This fall University of La Verne College of Law, in addition to its traditional courses, will now offer an academic program with an emphasis on computer game law, from a Professor also noted for the Objection!
series of 'serious games'.
The nation's first class on computer game law was taught in 2002 by University of La Verne College of Law Professor Ashley Lipson. This year, Lipson and his colleagues have created a comprehensive schedule of course offerings that include "Multimedia Law," "The Law of the Computer Games Industry" and "The Law of Cyberspace," along with classes in intellectual property and entertainment law.
Professor Lipson also developed the Objection!
software series, which simulates courtroom experiences with facts and questions covering all aspects of the trial examination process, including both direct and cross-examination. It is used by lawyers throughout the United States and other countries.
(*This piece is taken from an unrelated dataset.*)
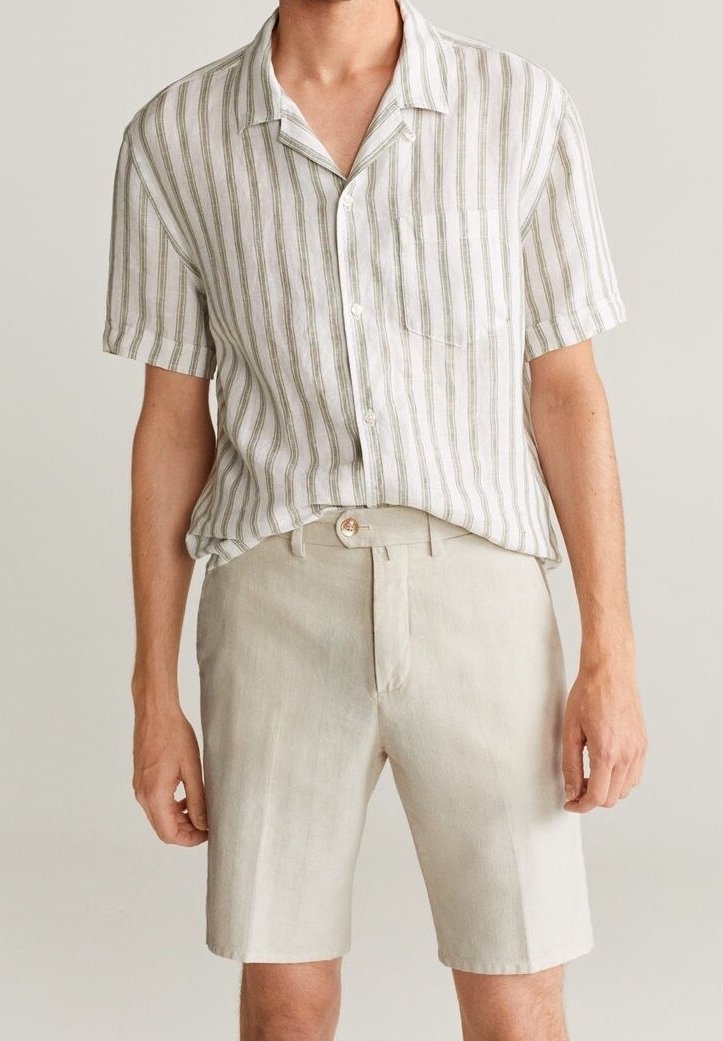 Chemise à manches courtes avec des rayures verticales vertes et blanches, associée à un short beige clair doté d'une poche avant et d'une fermeture à bouton.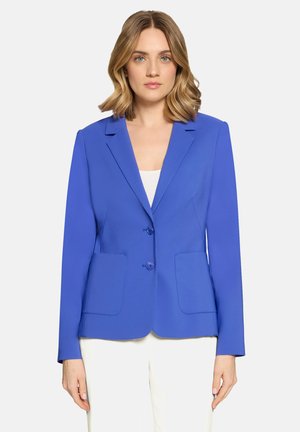 Kvinde med skulderlangt blondt hår iført en tætsiddende, lys blå blazer over en hvid top og hvide bukser foran en ensartet baggrund.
Lipson will also issue an initial edition of "Computer Game Law," the first academic casebook on the subject, exclusively to University of La Verne law school students. The casebook will cover a broad range of legal topics directly related to the computer game industry, including acquisition of game rights and ideas, intellectual property rights and licenses (copyrights, patents, trademarks, trade names, and trade dress and trade secrecy), marketing and distribution, industry and content regulation (adult content, pornography and violence) and property rights in virtual worlds.
Lipson is the author, creator and programmer of SivPro!
, the first set of combined computer games and tutorials targeted toward law students. The University of La Verne College of Law is the only campus in the country where law tutorial video game updates are tested by students before they are released to law firms, major universities, law schools, high schools, municipalities and prosecutorial agencies around the country.